SENJARI.COM, JAMBI – Polemik aksi unjuk rasa yang berujung pada pembubaran yang dilakukan oleh aparat keamanan dalam hal ini Polri. Baru baru ini viral pembubaran aksi demo Ratusan warga Dusun Pematang Bedaro, Desa Teluk Raya, Kecamatan Kumpeh Ulu, Kabupaten Muaro Jambi. Dimana memblokir jalan masuk menuju PT Fajar Pematang Indah Lestari (FPIL), perusahaan yang bergerak di bidang perkebunan sawit oleh Tim Gabungan Polda Jambi.
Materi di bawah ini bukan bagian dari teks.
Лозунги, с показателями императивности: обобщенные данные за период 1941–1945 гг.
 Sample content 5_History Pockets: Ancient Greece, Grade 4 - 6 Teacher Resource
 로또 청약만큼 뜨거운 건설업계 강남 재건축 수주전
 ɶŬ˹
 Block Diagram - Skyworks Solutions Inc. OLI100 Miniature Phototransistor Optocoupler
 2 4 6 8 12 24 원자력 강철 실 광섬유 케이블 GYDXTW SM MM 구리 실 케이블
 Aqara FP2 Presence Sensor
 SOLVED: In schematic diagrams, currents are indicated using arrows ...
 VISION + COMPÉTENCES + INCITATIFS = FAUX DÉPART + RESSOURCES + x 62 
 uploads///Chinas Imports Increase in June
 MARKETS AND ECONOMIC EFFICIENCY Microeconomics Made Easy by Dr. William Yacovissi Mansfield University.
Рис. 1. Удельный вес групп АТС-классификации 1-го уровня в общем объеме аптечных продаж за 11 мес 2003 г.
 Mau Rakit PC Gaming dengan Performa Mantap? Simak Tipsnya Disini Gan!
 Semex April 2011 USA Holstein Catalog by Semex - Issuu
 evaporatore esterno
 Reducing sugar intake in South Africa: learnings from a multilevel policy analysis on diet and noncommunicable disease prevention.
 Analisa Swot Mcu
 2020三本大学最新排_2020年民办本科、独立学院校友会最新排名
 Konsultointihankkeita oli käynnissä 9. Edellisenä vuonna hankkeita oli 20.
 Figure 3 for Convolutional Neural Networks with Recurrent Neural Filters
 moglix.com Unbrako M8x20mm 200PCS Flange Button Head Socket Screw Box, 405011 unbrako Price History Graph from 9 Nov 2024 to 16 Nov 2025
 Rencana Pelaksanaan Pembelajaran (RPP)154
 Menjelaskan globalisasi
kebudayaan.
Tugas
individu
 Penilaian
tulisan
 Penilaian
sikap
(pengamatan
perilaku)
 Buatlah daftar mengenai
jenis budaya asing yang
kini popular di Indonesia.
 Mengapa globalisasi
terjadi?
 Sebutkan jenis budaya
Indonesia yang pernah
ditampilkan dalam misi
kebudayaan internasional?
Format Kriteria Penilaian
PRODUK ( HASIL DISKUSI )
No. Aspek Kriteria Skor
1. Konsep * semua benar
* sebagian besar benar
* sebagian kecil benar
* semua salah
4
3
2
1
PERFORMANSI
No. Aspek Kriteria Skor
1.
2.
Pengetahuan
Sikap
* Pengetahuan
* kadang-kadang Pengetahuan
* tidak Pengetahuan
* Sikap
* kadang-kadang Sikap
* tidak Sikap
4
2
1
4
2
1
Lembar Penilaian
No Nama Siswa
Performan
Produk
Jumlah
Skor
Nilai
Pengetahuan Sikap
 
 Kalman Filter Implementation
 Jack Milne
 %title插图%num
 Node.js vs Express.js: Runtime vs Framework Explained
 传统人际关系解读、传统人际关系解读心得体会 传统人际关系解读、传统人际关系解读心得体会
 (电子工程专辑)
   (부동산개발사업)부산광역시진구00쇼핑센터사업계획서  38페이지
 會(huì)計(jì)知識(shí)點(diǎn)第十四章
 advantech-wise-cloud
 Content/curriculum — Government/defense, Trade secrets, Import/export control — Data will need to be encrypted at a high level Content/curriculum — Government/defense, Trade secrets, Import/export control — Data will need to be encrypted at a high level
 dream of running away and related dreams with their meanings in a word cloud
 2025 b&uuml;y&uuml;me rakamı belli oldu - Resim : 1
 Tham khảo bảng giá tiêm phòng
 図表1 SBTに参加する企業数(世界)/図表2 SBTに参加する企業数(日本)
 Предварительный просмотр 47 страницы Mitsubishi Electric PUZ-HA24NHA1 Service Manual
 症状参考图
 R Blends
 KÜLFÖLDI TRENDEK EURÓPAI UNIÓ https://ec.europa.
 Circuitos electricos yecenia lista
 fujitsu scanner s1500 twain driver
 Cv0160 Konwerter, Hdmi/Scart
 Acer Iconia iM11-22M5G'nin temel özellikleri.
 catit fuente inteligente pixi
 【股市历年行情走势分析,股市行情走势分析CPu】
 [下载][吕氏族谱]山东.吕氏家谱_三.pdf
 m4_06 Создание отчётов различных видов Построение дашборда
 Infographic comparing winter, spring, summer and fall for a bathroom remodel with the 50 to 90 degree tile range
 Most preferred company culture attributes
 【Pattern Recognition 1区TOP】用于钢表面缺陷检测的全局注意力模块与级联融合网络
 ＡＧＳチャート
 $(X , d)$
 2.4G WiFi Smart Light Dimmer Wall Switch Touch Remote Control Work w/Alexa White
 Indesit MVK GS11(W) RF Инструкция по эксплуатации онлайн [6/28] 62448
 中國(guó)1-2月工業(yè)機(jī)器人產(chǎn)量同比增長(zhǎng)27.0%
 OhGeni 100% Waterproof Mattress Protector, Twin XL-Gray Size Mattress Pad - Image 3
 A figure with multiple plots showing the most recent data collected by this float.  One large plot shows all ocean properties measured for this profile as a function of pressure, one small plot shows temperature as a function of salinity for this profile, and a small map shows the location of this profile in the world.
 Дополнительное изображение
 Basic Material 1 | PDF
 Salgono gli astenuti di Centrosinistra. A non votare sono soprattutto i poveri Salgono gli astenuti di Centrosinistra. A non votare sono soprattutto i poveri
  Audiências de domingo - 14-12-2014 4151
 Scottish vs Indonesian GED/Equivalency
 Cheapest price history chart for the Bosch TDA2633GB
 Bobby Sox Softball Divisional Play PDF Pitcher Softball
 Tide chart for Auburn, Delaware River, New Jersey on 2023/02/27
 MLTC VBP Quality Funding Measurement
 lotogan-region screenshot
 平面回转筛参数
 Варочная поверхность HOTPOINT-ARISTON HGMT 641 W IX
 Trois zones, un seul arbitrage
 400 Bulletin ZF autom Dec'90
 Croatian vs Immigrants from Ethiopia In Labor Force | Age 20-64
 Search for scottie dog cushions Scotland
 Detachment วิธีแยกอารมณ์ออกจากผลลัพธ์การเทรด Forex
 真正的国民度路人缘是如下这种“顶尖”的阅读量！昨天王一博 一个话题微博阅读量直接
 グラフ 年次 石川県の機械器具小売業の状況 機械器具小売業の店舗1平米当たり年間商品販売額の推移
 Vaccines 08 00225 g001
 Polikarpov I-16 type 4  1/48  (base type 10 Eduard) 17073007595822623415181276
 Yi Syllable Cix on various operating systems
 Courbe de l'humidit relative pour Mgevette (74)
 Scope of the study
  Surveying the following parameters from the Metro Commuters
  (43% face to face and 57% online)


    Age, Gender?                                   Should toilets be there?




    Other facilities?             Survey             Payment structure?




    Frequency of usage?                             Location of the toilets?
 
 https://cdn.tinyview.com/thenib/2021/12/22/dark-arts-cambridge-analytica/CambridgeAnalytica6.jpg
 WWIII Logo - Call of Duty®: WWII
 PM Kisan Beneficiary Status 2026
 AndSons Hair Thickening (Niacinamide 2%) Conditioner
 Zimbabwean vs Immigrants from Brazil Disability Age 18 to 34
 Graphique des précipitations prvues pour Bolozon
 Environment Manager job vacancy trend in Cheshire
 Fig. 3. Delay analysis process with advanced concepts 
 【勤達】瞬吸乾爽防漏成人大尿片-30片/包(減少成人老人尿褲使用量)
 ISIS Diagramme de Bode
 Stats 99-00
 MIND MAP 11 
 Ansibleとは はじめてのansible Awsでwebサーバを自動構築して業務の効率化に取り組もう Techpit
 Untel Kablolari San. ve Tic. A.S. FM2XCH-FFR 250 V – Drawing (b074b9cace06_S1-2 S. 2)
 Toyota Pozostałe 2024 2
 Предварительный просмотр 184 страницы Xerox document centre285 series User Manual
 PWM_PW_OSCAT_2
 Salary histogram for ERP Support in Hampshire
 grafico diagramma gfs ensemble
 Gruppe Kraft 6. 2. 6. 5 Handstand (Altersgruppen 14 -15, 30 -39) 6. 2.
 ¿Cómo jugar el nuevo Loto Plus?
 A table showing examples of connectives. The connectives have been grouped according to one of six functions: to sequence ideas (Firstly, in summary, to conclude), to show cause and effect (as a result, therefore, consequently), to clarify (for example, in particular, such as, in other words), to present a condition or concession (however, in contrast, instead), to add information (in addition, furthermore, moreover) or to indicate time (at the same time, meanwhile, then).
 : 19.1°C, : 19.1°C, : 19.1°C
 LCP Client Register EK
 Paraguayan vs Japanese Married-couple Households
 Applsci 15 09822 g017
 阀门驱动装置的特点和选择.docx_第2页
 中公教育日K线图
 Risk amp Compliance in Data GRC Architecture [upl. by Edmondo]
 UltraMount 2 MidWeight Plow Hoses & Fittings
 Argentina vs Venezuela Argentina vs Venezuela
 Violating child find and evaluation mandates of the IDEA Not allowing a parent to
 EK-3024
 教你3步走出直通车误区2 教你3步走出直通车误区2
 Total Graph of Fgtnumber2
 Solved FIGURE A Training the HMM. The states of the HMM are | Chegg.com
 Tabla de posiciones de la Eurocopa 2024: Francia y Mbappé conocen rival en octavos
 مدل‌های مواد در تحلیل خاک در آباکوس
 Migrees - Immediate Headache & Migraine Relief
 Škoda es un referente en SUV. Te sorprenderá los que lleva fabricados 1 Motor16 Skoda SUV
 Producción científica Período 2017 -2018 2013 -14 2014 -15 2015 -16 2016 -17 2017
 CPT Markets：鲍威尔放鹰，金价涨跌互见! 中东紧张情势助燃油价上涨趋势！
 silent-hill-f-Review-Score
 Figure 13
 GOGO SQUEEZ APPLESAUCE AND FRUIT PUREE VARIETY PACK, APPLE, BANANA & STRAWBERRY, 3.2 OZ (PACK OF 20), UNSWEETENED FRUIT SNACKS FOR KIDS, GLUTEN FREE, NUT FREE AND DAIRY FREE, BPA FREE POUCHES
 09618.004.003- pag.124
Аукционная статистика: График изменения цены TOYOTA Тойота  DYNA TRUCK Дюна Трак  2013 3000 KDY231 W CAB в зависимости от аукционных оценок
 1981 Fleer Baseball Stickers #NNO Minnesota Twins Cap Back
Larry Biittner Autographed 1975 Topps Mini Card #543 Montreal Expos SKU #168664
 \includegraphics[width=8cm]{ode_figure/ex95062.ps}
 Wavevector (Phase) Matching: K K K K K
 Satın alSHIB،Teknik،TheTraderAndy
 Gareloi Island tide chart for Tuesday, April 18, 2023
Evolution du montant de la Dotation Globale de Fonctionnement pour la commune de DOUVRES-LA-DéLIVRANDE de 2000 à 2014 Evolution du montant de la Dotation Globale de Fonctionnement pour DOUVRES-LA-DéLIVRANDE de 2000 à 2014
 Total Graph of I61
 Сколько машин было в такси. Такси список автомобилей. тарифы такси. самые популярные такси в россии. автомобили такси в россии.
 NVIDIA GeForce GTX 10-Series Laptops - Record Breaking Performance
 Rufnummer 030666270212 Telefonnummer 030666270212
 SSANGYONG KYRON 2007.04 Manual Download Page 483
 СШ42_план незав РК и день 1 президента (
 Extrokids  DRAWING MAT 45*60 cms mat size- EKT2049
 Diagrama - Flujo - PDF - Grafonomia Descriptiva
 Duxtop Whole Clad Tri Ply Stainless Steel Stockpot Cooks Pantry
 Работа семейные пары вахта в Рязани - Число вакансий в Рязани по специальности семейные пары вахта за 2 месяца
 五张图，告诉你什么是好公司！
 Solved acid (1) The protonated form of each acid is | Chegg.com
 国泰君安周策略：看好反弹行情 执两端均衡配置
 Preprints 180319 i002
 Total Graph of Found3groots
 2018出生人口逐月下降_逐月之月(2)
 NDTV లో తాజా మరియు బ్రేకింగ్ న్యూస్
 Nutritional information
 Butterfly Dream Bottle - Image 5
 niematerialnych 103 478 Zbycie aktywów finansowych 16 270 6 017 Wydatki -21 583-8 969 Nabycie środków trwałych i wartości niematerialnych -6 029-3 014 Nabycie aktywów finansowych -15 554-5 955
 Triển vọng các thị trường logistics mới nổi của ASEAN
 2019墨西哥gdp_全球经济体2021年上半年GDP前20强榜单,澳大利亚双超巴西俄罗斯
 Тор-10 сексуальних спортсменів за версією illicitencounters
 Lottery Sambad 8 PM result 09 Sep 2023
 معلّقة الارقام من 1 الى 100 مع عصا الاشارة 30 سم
Viralnya berita tersebut terjadi diberbagai media sosial dengan penggiringan opini yang pada ujungnya menyudutkan Polri. Masyarakat tidak secara utuh melihat fakta dilapangan dan langsung beropini.
Padahal Polri baru mengambil tindakan tegas setelah 17 hari, karena terlebih dahulu mengedepankan upaya-upaya persuasif bersama perangkat desa dan pemerintahan.
Kabid Humas Polda Jambi, Kombes Pol Mulia Prianto mengatakan, sebelum melakukan pembubaran aksi demo, kepolisian sebelumnya telah melakukan upaya persuasif bersama perangkat desa dan pemerintahan setempat.
“Bahwa kepolisian sudah 16 kali atau setiap hari mendatangi lokasi unjuk rasa. Polisi memberi himbauan kepada warga untuk segera meninggalkan lokasi dan membuka akses jalan karena aksi sudah melanggar batas waktu ketentuan unjuk rasa serta menimbulkan gangguan pada kawasan yang menyangkut hajat hidup orang banyak,” kata Kabid Humas Polda Jambi.
Pendapat Akademisi Hukum Unja
Menurut pandangan Dr. Hafrida, S.H, M.H. Dosen Pasca Sarjana Unja, bahwa menyampaikan pendapat di muka umum merupakan hak setiap warga negara yang dijamin oleh UU. Tetapi jangan lupa dalam penyampaian pendapat dimuka umum ini ada beberapa hal yang perlu diperhatikan, diantaranya Penyampaian pendapat dilakukan baik melalui demonstrasi, unjuk rasa, pawai, kemudian juga mimbar bebas dan sebagainya itu wajib memberitahukan pemberitahuan secara tertulis kepada Polri paling lambat tiga kali 24 jam sebelum pelaksanaan.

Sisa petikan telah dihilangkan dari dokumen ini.